There are some ecconomists who believe that falling prices are an inherntly bad thing. They might defend this statement by pointing out some crash and recession or depression that lasted for years and make the claim it stayed that bad because prices remained low and if we just printed more money hen they might say inflation is good as it lowers real wages as seen in articles like this (http://www.motherjones.com/kevin-drum/2012/04/why-high-inflation-good-recession). One of the arguments about deflation being a bad thing is that people will put of purchasing things and this in turn would create a situation where people are "hoarding money" and simply cease to buying anything ever again as they know could get a given product cheaper if they waited.
The problem with the fears of money hoarding is that most people call it savings and view it as a good thing. They might try to say the difference is that money hoarding is putting your money in a coffee can while savings means putting it in the bank- in view where they put the money does not matter A lot of us have change jars and we use the money for gas or getting a soda. Then we get the notion that people will put off buying things for eternity. This is simply mistaken- first there are products we buy out of necessity like food. Next our desire for something- routinely our strips our desire to save money in the future.  An example here is the fact anyone is willing to buy a computer or other electronic device, because if you waited another year you'll be able to buy a better system for less than you are spending now. The computer industry didn't collapse due to constantly falling prices. This is because some times the short term benefits of a product are seen as benifical over the long term benefits of saving. In this case some one will pay $1500 for a computer not because they need that sort of a machine but because they want to play the latest video games.
So they'll use their money horde- or as I like to call it savings to buy a computer, car or what ever other product they want.
The only major difference I would expect to see in a world with falling prices over the one we have now- is people will make larger down payments and try to buy things, and be more apt to pay cash. As they would have the savings and the purchasing power of the payment will increase over time.
Then finally the last problem is that they assume that falling prices are always a bad thing and will point out depressions, recessions and economic panics as proof it must be stopped.

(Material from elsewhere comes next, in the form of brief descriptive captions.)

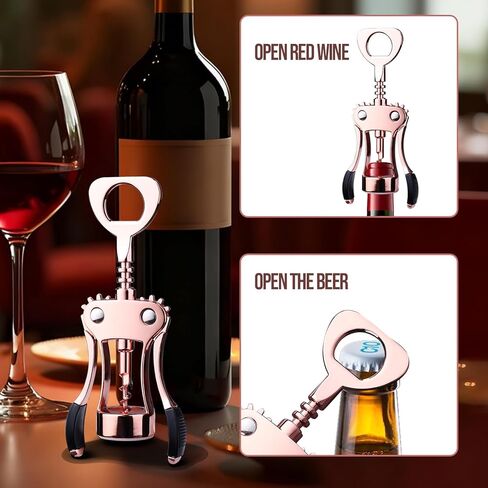 Wine Opener, Zinc Alloy Premium Wing Corkscrew with Multifunctional Bottles Opener, Sharp Wine Corkscrew with Ergonomic Non-Slip Wing Handle, Upgrade in Kuwait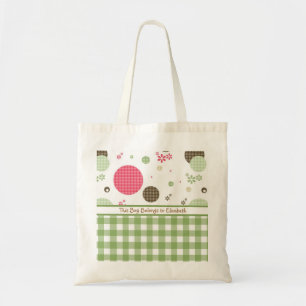Trendy Niedlich Gingham Polka Dots mit Namen Tragetasche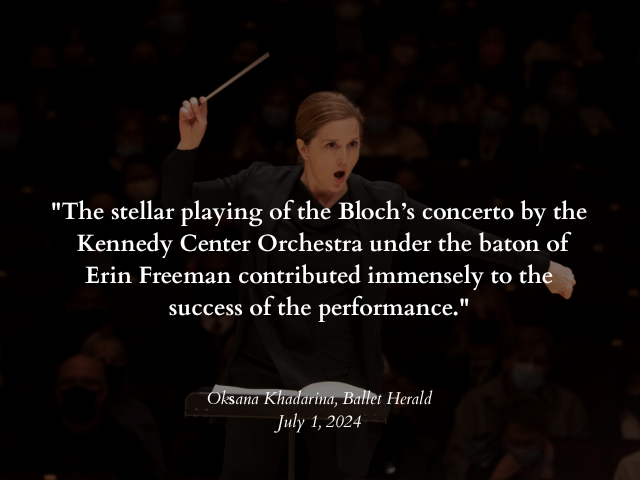 A woman conductor leading an orchestra, with a quote about her performance attributed to Ballet Herald, dated July 1, 2024.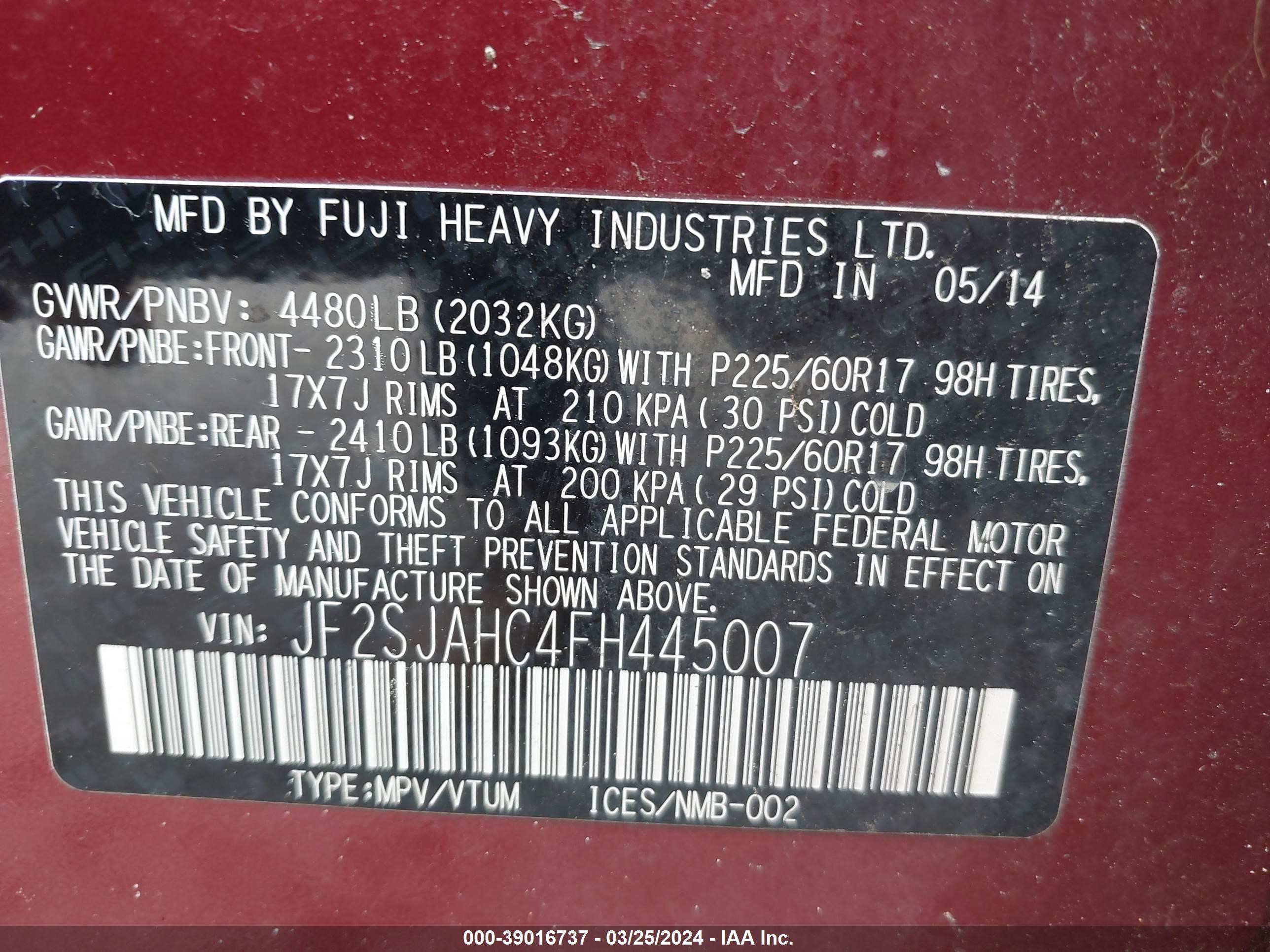 Photo 8 VIN: JF2SJAHC4FH445007 - SUBARU FORESTER 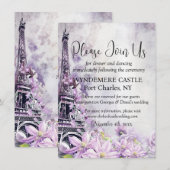 Carte D'accompagnement Tour Eiffel Lavender Romance QR Code Mariage (Devant / Derrière)
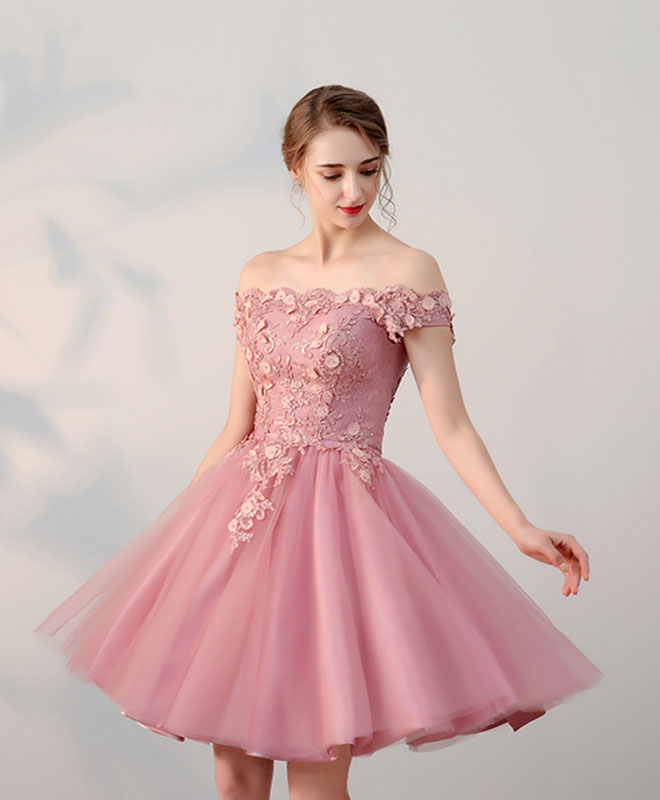 Pink Lace Tulle Short Prom Dress, Pink Evening Dresses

Prices fall because their has been an increase in supply relative to demand and this happens for one of two basic reasons- either there has been an economic crash where a lot of people have lost money making them less likely to go shopping. In this case the falling prices are the market trying to adjust to and recover from the disaster and the problem was the bubble and crash. The second reason is that new technology and good management results in prices dropping over all. This would be  good thing for the over all economy. It is built on the belief that if a company can figure out away to make a product cheaper they will pass the savings to consumers as lower prices lead to more customers and higher profits.
The reason I labeled this post as price deflation instead of just deflation is because there is an older definition of deflation and inflation that relate to the money supply. The old line the more of something there is the less valuable it becomes holds true with money as well as everything else.So if the money supply grew faster than the number of goods being produced prices will increase and inversely if the number of goods being produced increased and the money supply stayed the same prices would decrease.  I want to live in the second ecconomy where companies are making money by cutting prices as it is the world where you see standards of living increasing.